# IRC table R301.2(1)



## peach

Does any jurisdiction ACTUALLY fill out this design criteria table?

the maps are so hard to read, and if you read the footnotes to the Table, they pretty much all say "the jurisdiction shall fill in this part".

Just wondering if you've seen the table filled in.


----------



## Uncle Bob

Re: IRC table R301.2(1)

In Texas, we did.  By the way; there are some changes to Table R301.2(1); and if adopting the 2009 IRC they should be noted.

In Oklahoma however, I'm finding code adoption in many jurisdictions isn't taken very seriously and/or without good legal advise; for example;

"5-301: BUILDING CODE ADOPTED:

A certain document, at least one copy of which is on file at the office of the city clerk, being marked and designated as "international building code", the latest edition thereof, and any revisions or amendments thereto, is hereto adopted as the building code of the city for the control of buildings and structures therein provided. Each and all of the regulations, provisions, penalties, conditions and terms of the international building code are hereby referred to, adopted and made a part hereof, as if fully set out in this code, with additions, insertions and changes, if any, prescribed in this chapter." (no additions, insertions and changes listed)

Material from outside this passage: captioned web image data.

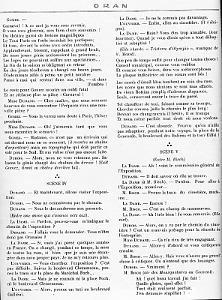 Expo Pub 1930- 028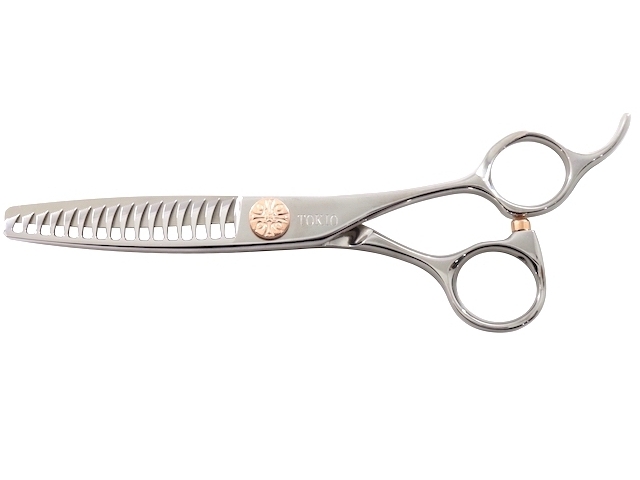 アンドー TOKIO COBALT C&T-140 C&T-147 C&T-165(ANDOH) ハサミ屋はやし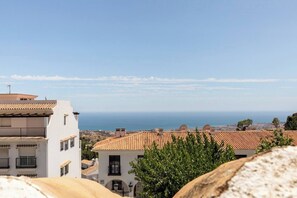 Vistas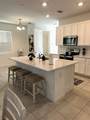 1457 Discovery Street - Photo 7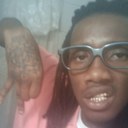 randy guidry - @igotitstackup - Twitter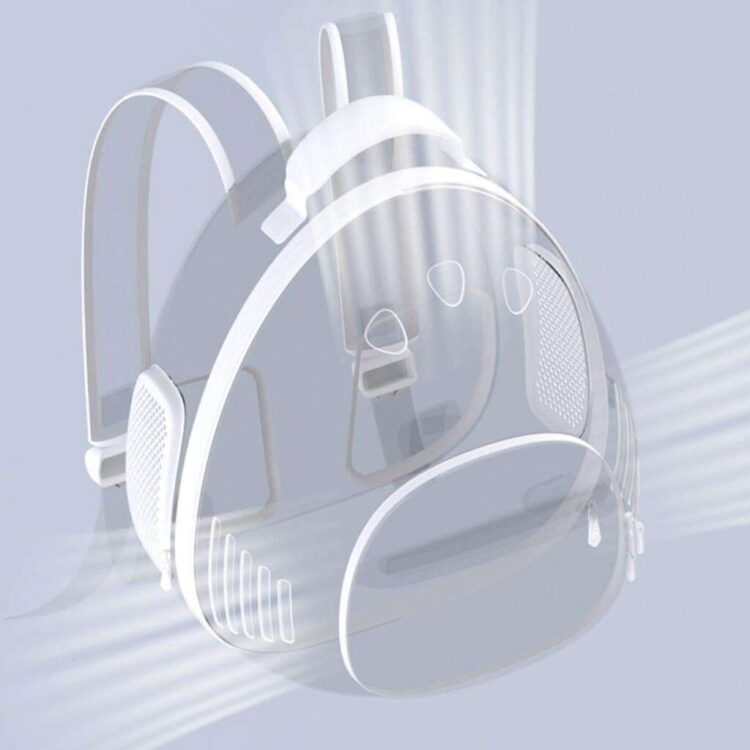 castronaut-space-cat-backpack-missymomo-9.jpg castronaut-space-cat-backpack-missymomo-9.jpg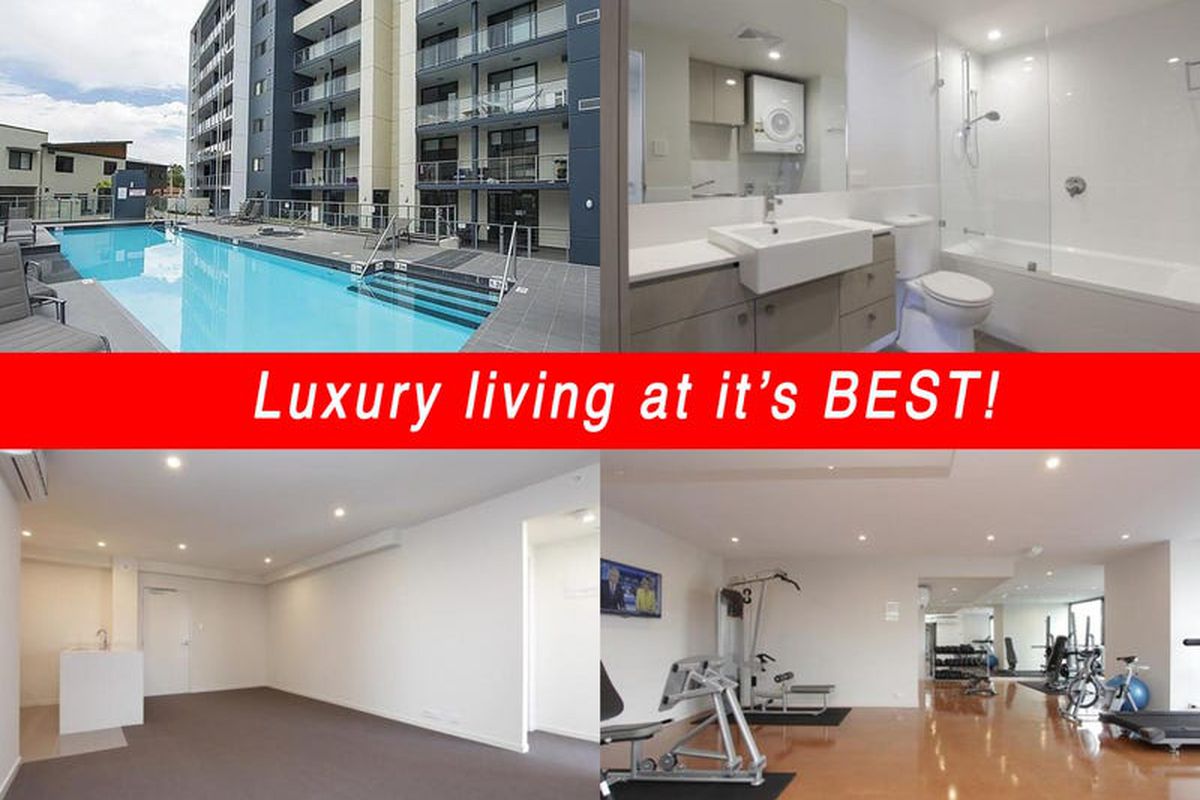 146 / 3 Homelea Court, Rivervale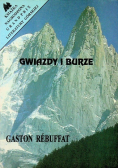 Gwiazdy i burze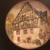 Plates 5 thumbnail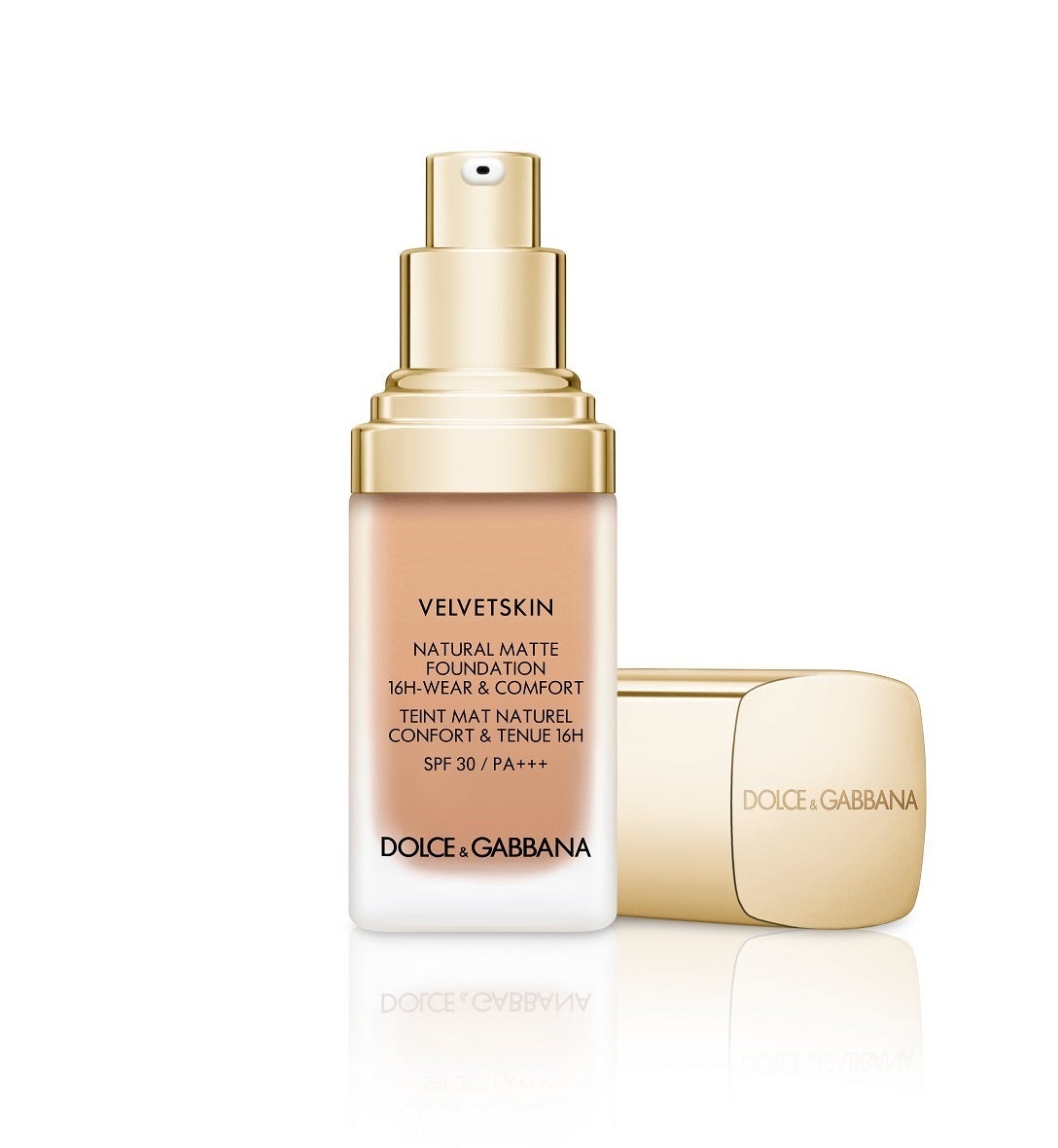  ベルベットスキン 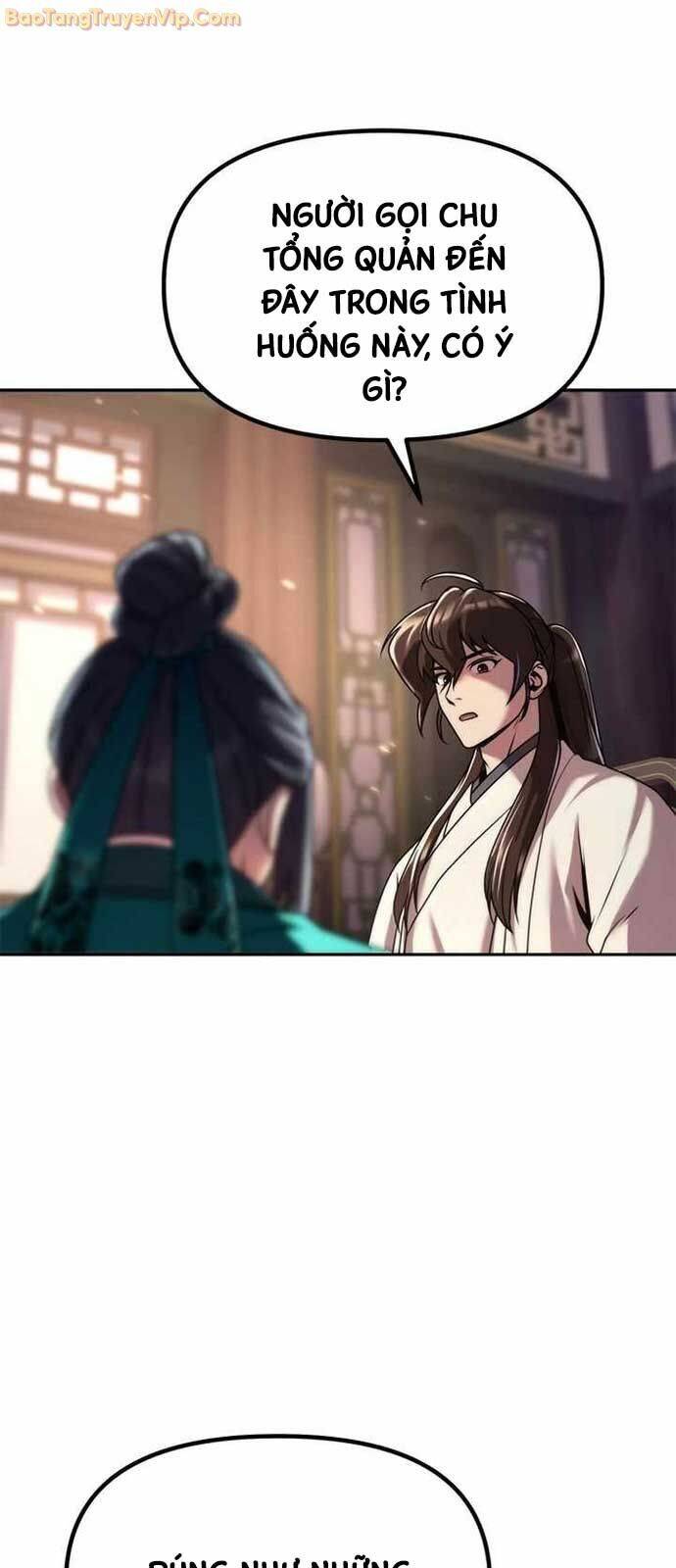 Ma Đạo Chuyển Sinh Ký Chap 102 - Next Chap 103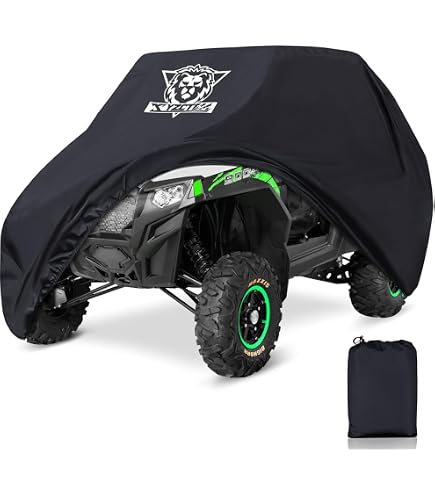 Kawasaki Z400 ABS Windshield/Meter Cover 99994-1128 : Amazon.ca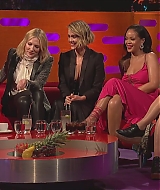 ASB-GrahamNorton_095.jpg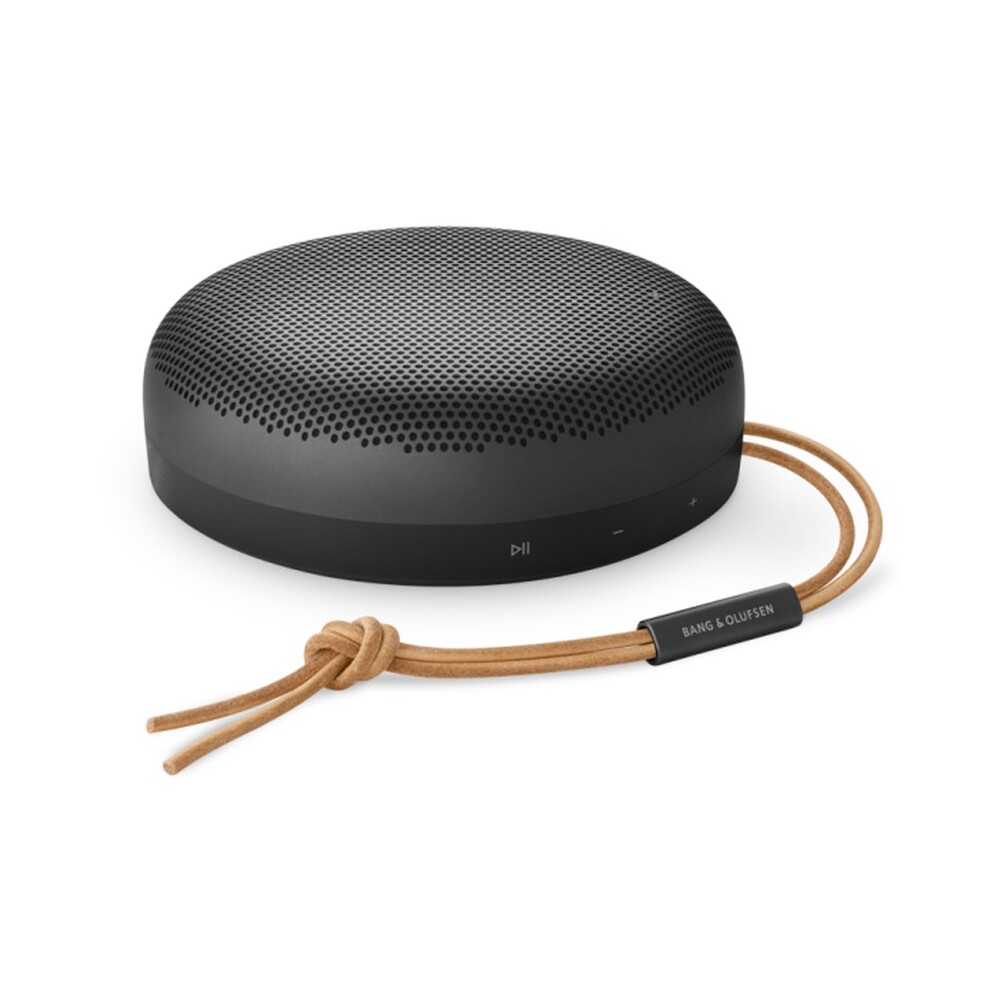 Bang-Olufsen-Beosound-A1-2-gen-Black-Anthracite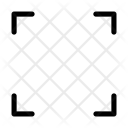 پیش‌نمایش فایل expand-10 از پک رابط کاربری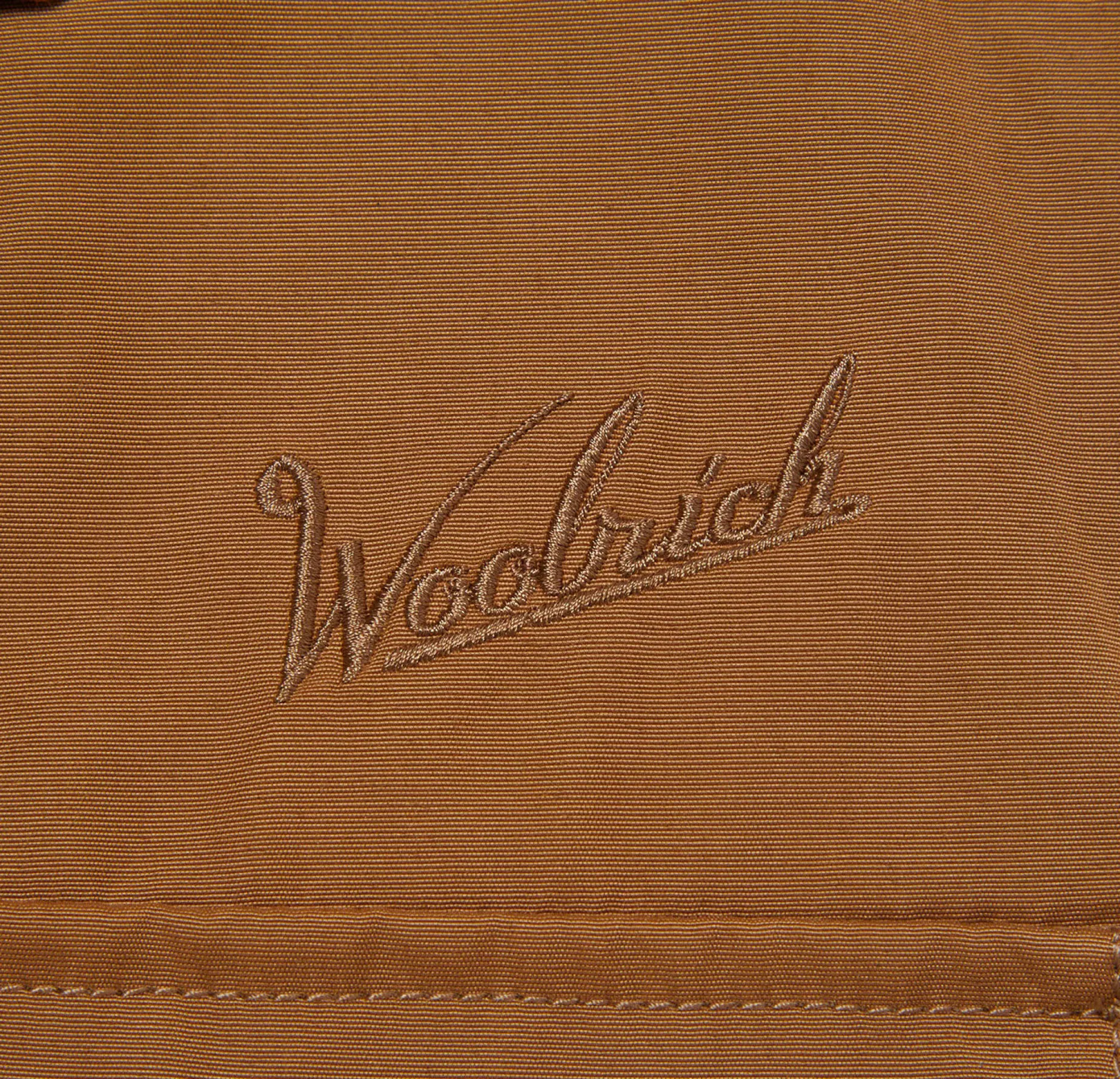 Veste Pêche Classique Beige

(Several Oklahoma municipalities have similar adoptions.)

If you don't see a problem here; you might want to rethink the adoption of your AHJ's codes; and get some good legal advise.

Uncle Bob


----------



## TJacobs

Re: IRC table R301.2(1)

Yes we did, under all previous adoptions (we have that down at least)...


----------



## syarn

Re: IRC table R301.2(1)

nj has filled it out for 2006.

http://ecodes.biz/ecodes_support/free_r ... apter3.pdf


----------



## texas transplant

Re: IRC table R301.2(1)

We filled it out just so it was at finger tip and could be easily forwarded to dp's.


----------



## Mule

Re: IRC table R301.2(1)Yep, and occasionally I teach classes and include this in my presentation.

View attachment 79


View attachment 79


/monthly_2010_06/572953b575877_ClimateTable.jpg.bed9276d83b4df40fc7bb573c0b728f4.jpg


----------



## globe trekker

Re: IRC table R301.2(1)

Yes, we did actually fill it out when we adopted the 2006 codes.     It helps us more clearly

define the area weather,  soils,  potential pest infestation and other norms.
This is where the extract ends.